Alastair SIM is excellent as the eponymous inspector; especially given the fact that he is not a character in his own right but simply the conscience of the group of people whose life he temporarily invades. The play is opened out well and we are not left feeling that this is merely a filmed play, but a movie in its own right. The other actors individualize their archetypal roles well - especially Eileen MOORE, who eloquently expresses with her eyes the act-in-haste; repent-at-leisure nature of her character - mixed-in with her yearning for true maturity.


Copyright © 2012 Frank TALKER. Permission granted to reproduce and distribute it in any format; provided that mention of the author’s Weblog (http://franktalker5.blogspot.com/) is included: E-mail notification requested.
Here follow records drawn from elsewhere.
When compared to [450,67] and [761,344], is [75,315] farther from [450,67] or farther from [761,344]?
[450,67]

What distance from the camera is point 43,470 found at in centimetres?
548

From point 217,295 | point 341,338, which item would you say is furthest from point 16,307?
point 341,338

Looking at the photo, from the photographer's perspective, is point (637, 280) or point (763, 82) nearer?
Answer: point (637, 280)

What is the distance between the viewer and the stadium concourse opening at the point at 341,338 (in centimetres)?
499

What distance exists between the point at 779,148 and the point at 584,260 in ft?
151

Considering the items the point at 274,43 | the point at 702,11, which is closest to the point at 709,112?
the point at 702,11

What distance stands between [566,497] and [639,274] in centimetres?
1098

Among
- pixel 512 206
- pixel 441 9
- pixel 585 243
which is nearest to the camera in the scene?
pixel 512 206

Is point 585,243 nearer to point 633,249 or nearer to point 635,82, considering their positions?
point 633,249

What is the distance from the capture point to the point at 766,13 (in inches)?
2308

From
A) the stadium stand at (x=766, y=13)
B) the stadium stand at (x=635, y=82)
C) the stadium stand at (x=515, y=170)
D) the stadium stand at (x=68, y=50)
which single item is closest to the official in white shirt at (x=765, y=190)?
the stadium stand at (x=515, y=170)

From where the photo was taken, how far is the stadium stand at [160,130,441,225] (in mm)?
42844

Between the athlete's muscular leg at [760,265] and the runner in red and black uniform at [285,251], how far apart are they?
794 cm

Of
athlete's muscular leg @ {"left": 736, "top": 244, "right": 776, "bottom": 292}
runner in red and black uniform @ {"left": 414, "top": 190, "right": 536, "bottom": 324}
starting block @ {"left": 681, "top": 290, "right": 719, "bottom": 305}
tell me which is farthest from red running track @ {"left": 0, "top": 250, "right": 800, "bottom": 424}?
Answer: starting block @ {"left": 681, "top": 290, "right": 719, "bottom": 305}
All other rights reserved.

Seeking a Friend for the End of the World
(2012)

RATING:40%
FORMAT:DVD



Depressing movie about what Whites really think about themselves and their culture.

This would-be comedy pretends Whites are so inherently-depraved and emotionally-repressed that their real natures would surface given the loss of a viable future. This means Whites believe their cultural experience is no more than deferred gratification wherein individual character is less important (& even unimportant altogether) than doing something, anything - no matter what. To suggest that one’s culture and civilization could completely collapse is to tacitly admit that one’s culture is essentially uncivilized.
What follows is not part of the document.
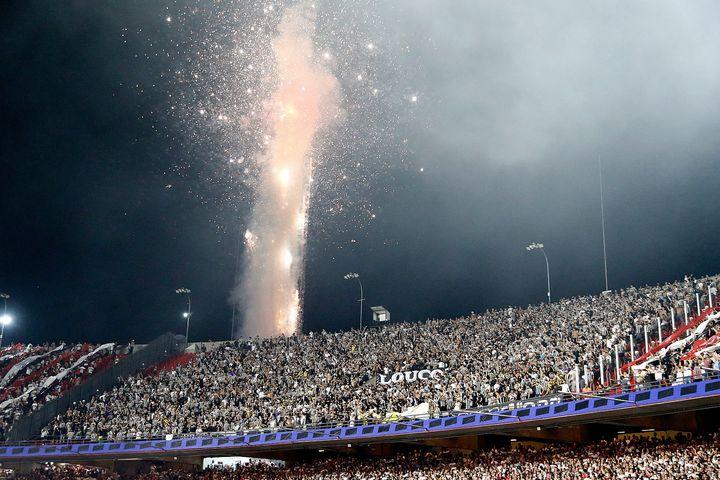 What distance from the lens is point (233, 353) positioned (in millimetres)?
66438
Leopards do not change their spots so it is unlikely people would change their behavior or personality. Like being drunk, either your real personality emerges or you remain the same. This fundamental issue is not explored here in a welter of self-indulgent self-pity. People here realize their lives are meaningless and that without a future there is no chance that that situation would ever change. But this is no different from a real world without Armageddon where people live without meaning; hoping for a fleeting moment of happiness to make their lives at least appear purposeful.

Like Von Trier’s Melancholia, this film refuses to admit its essential emptiness; while pretending to analyze the situation it sets up - especially the choice to survive at all costs by renouncing one’s humanity that is implied here.

Keira KNIGHTLEY is as wooden as always - not helped by writing that fails to bring her character alive. Steve CARELL offers a performance indicating a desire for better, more serious acting work in the future, but without much evidence of the necessary wherewithal of acting talent. The plot takes us nowhere since it lacks the imagination to explore its own premiss effectively.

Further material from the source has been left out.